_Your assignment_: Take the lines from the one with "Item preview, j" through the end of the material below and repeat them exactly, dropping every picture.

Supplied data Block Start

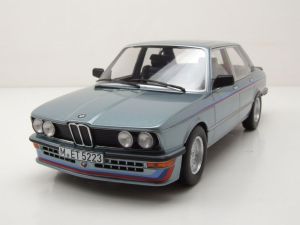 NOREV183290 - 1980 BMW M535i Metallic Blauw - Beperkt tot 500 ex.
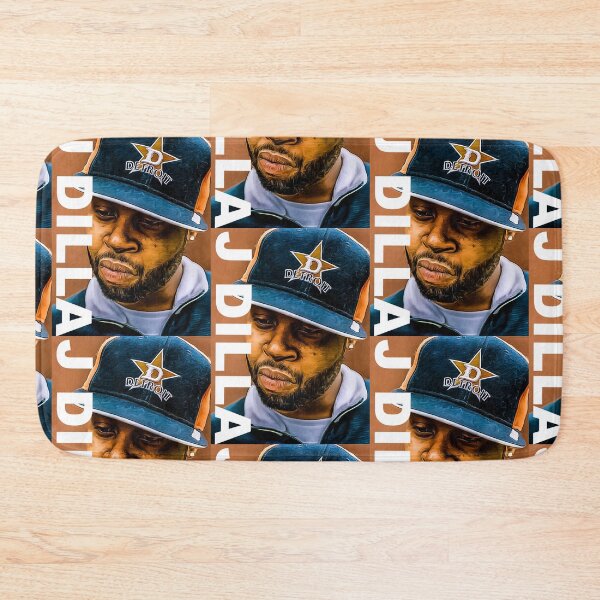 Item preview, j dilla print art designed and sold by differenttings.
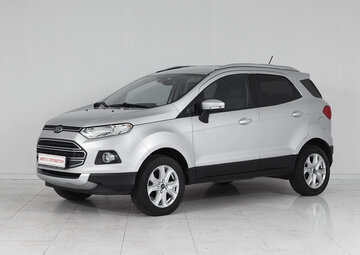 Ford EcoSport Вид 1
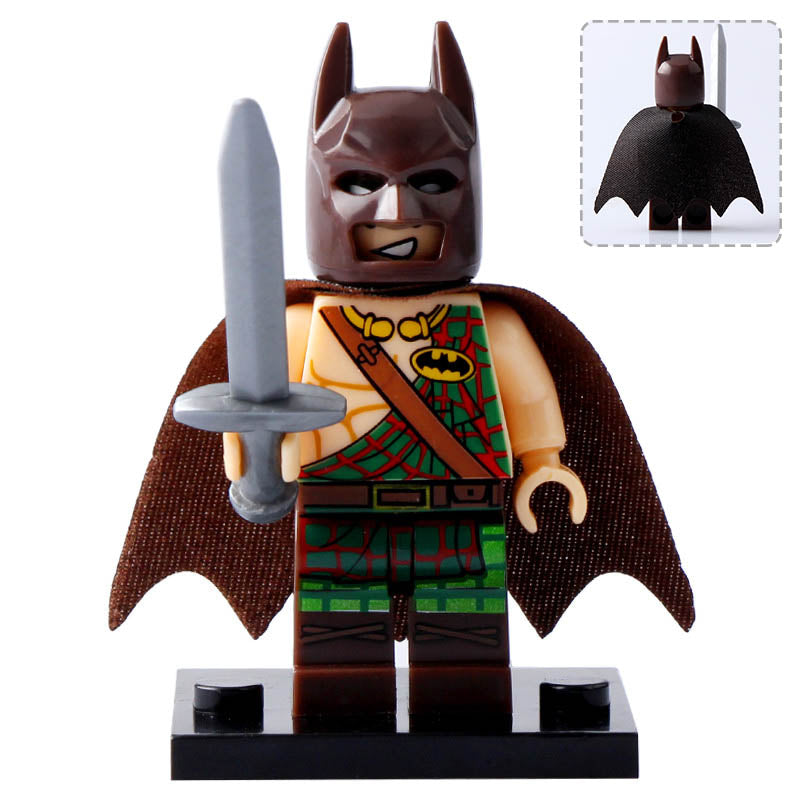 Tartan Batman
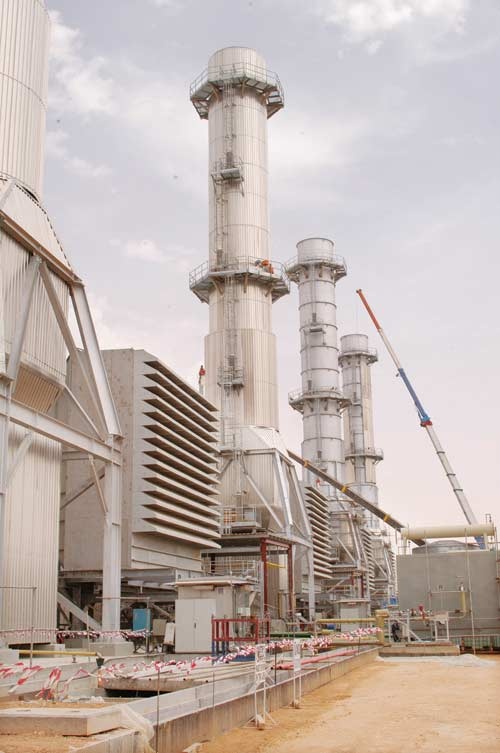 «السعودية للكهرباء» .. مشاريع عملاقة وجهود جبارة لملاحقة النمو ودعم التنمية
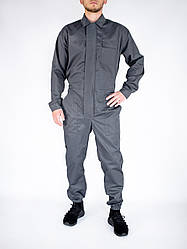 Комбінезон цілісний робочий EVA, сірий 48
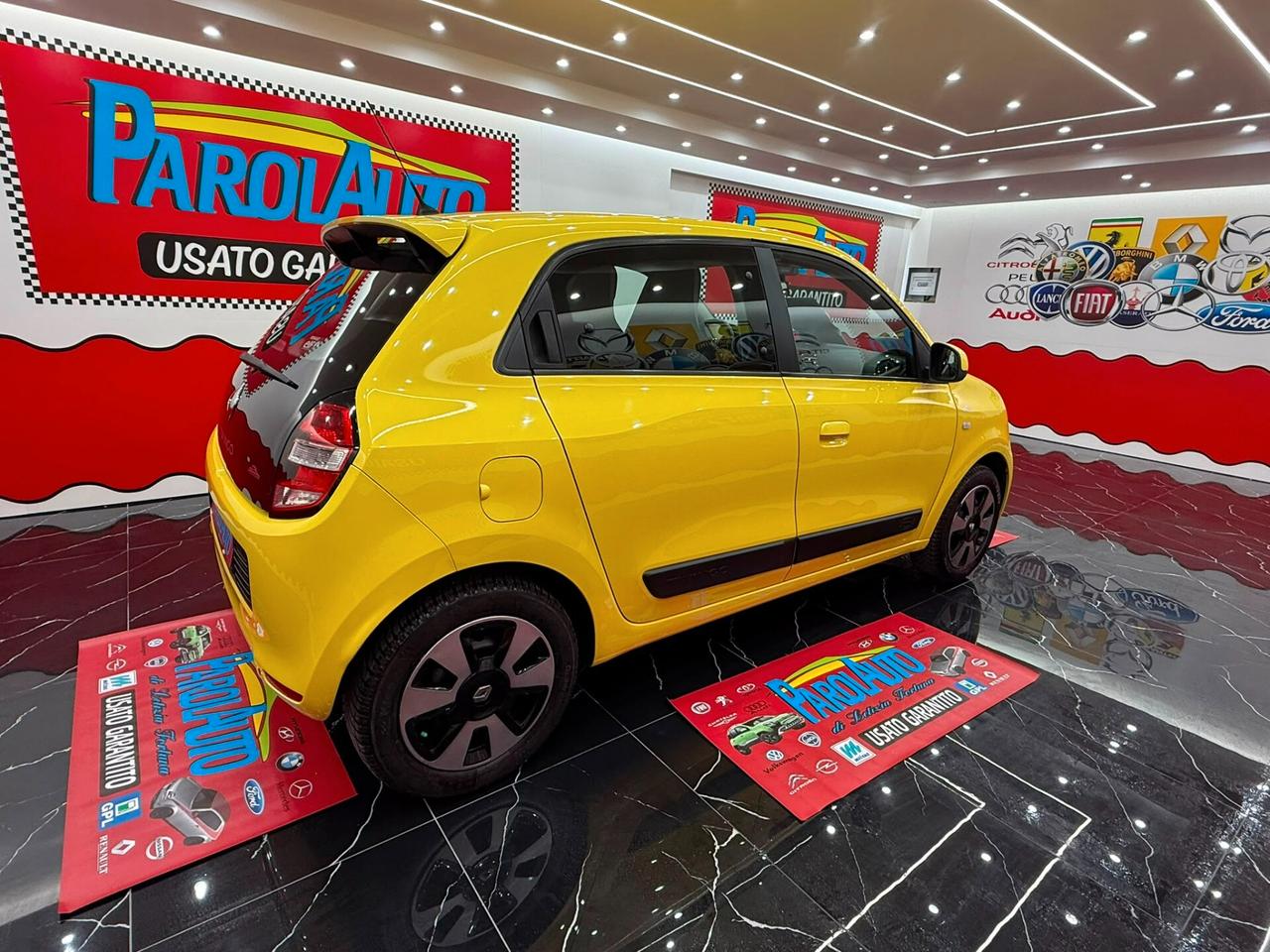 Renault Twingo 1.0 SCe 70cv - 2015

Supplied data Block End

_Response for this exercise_:
 Item preview, j dilla print art designed and sold by differenttings.
 Ford EcoSport Вид 1
 Tartan Batman
 «السعودية للكهرباء» .. مشاريع عملاقة وجهود جبارة لملاحقة النمو ودعم التنمية
 Комбінезон цілісний робочий EVA, сірий 48
 Renault Twingo 1.0 SCe 70cv - 2015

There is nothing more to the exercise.